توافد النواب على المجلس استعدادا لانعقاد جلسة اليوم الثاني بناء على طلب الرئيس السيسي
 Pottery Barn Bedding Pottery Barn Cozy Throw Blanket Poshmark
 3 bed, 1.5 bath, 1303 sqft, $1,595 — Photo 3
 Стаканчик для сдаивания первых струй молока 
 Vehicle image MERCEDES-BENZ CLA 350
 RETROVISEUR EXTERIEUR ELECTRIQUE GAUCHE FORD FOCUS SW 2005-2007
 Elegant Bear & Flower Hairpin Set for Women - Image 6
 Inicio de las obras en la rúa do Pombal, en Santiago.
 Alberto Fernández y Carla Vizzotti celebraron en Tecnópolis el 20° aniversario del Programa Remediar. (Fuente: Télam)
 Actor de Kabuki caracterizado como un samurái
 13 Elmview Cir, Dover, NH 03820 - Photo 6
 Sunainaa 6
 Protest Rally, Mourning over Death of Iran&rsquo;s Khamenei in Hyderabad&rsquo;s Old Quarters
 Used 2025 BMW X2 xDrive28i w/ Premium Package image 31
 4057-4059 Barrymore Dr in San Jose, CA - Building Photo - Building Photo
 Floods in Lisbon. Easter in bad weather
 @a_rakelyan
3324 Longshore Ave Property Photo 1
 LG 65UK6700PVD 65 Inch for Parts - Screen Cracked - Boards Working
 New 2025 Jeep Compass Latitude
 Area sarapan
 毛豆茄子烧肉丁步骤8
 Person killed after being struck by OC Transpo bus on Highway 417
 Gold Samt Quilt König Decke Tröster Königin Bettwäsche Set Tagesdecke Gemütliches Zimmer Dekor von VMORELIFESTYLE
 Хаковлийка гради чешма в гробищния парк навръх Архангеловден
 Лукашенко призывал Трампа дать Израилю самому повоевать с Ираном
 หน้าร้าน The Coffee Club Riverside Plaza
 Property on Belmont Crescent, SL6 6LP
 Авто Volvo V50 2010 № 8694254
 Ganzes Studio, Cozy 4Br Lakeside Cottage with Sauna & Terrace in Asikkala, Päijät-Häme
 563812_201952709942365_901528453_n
• • • •
**What is expected:** What number of lines in the records hold the word "Photo"? Reply with that number alone.

**Your solution:** 4